If on the other hand any settlement is rejected with an under standing that a great deal of money that is not accepted with a great deal of wisdom and forethought will do far more harm then good, then it's maybe not such a bad decision.
 
There is also the other side of the coin when it comes to "ownership" of the Black Hills, and this does not go over well with Lakota, Dakota and Nakota Sioux.

The claim is that the Black Hills always belonged to the Sioux and that's just not the case. The Sioux in fact originated farther east in what is now Minnesota and Wisconsin, where they were not regarded as very good neighbors by other indian tribes, since they tended to war with the other tribes on a regular basis.

The word "Sioux" derives from the word Nadouessioux, first recored by Jean Nicolet in 1640 and said to be further derived from an Ojibwe name for the Dakota, Lakota and Nakota bands meaning "little snakes".

Thus the Lakota, Dakota and Nakota tend to frown on the use of the term "Sioux".

The Dakota, Lakota and Nakota bands didn't migrate to South Dakota until around 1700 and that was due in part to being driven out of their original lands by their unhappy neighbors, and arguably pressure from other bands pressing west due to increasing numbers of whites settling on the east coast and pressing the natives west.

In that regard, the Lakota, Dakota and Nakota appropriated the Black Hills form the tribes that had lived in the area prior to their arrival - the Crow, the Cheyenne and the Pawnee, as well as the Arikara that were an offshoot of the Pawnee separating about 200 years before the Sioux arrived.

The Crow, Cheyenne and Nakota held up pretty well to the Sioux invasion while the primarily agricultural Arikara mostly got massacred. This was doubly unfortunate as the Arikara were not direct competitors with the Sioux and there was no need for conflict.

I spent a summer in high school on an archaeological dig at an Arikara village where the Sioux had killed over 600 men women and children and dumped their bodies in the village's fortification ditch. Seeing women and children's skulls crushed by Sioux tomahawks has, at least for me, put another face on the Sioux getting displaced by white settlers, miners and cavalry 150 years later. In my less charitable moments, I look at it from the "karma is a real bitch" perspective.

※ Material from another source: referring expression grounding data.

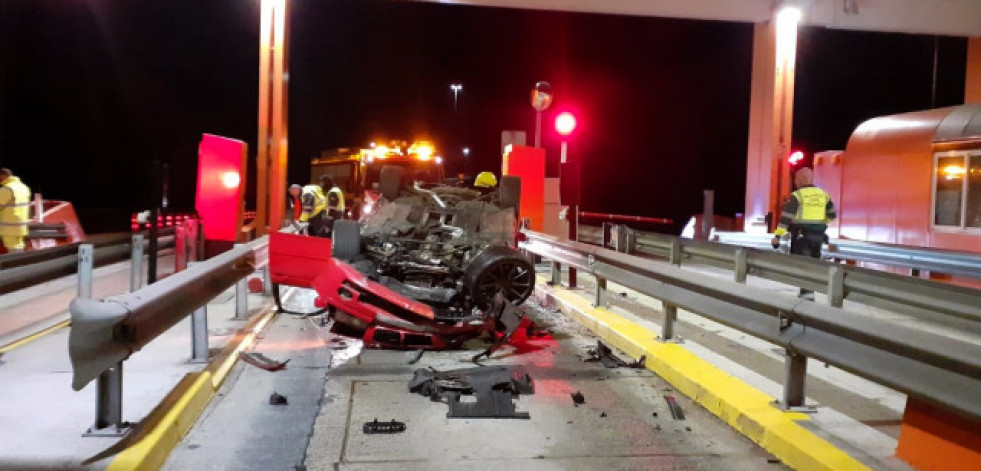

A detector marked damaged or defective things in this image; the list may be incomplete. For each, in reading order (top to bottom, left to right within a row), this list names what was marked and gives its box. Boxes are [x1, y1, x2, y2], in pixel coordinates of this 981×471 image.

wrecked car [268, 166, 532, 350]
overturned car [266, 166, 536, 350]
shattered car part [238, 354, 290, 372]
shattered car part [580, 342, 644, 370]
shattered car part [410, 366, 540, 420]
shattered car part [362, 420, 404, 436]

At a minimum it pretty well vacated any belief I had that the Sioux have ever had a legitimate claim to the Black Hills. They conquered them, and they then lost them to someone else. It really is as simple as that.
 
Major Reno was accused of being drunk, however much of that is based on a statement that "There wasn't enough liquor in the unit to get him drunk." Supposedly Reno was such an imbiber that it would have taken a lot for him to become inebriated, and no liquor had been taken on the campaign-on July 4, one officer lamented that they had "nothing but coffee to celebrate the memory of George Washington."
 
My grandmother was born in 1898 and lived for a number of years in the 1910 timeframe at Rosebud, Montana on the Cheyenne reservation. She was a "little redheaded girl" at the time and the tribal members were fond of her. She knew quite a number of older men - most would have been mid-50's or older - who fought Custer. She told me they occasionally told her stories of it. Apparently, they were not much impressed with Custer's military acumen. She moved with her family to Cody, WY in about 1915, and her Dad and a partner of his bought Pahaska Teepee at the east entrance to Yellowstone in about 1918. She knew Buffalo Bill and his wife before he died. She didn't care for him at all but she did like his wife quite a lot. Point of all this is that we're not very far removed from these events, and it was still possible when I was a kid to talk to people who had actually participated in them or had at least known people who had. It's a shame they're all gone now. The ones I knew were wonderous folks!
 
Dr. DeWolf, the regimental surgeon, had the only Springfield rifle and crawled from Trooper to Trooper on Reno hill to clear jammed carbines with his ramrod.

this is incorrect. dr. james dewolf was killed while attempting to ascend the bluffs along with reno's troops during reno's retreat or "charge" across the river from the timber.